Together with Christopher Meier from the Sports and Education group here in Bielefeld, I’ve been working on the use of analogies in children. In his PhD project, he focused on the question how analogies influence motor learning, especially in skilled athletes (see here).
Looking at both their performance and their representation structures in motor memory, we recently published a study on the impact of analogy and explicit verbal instructions in junior tennis players (see here).
To better understand the benefits of using analogy and explicit instructions, the underlying cognitive mechanism remains to be explored. The concept of chunking provides a promising approach to the cognitive mechanism of instructions and can be approximated by analyzing athletes’ mental representations. The purpose of this study was to investigate the influence of analogy and explicit instructions on performance and the cognitive representations of the tennis serve in intermediate participants over the
course of a 5-week training period. Junior tennis players (N = 44; M = 11.5 years) were tested on their tennis serve and, based on their initial performance and their individual error patterns, assigned to one of three groups: an analogy group (N = 15), an explicit group (N = 15), or a control group (N = 14).
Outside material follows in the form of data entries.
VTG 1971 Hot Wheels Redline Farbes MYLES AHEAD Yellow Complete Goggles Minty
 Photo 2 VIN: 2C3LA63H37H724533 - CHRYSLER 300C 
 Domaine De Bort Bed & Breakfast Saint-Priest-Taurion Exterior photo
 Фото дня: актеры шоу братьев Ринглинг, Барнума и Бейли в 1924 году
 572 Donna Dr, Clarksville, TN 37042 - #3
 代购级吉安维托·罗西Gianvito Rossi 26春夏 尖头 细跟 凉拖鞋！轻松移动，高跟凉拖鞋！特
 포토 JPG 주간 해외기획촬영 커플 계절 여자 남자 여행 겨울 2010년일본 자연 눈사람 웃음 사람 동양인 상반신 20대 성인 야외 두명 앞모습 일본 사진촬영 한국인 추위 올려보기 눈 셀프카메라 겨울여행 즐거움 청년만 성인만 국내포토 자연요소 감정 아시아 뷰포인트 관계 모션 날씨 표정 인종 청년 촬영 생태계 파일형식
Their performance and their mental representation structures were assessed prior to and after the 5-week training period and again after a retention period of 14 days. Independent of group, findings demonstrated higher velocity from pretest to posttest. Participants in both the analogy and the explicit group showed enhanced accuracy over time and more functional mental representation structures. Thus, both analogy instruction and explicit instruction helped to structure mental representations in their long-term memory.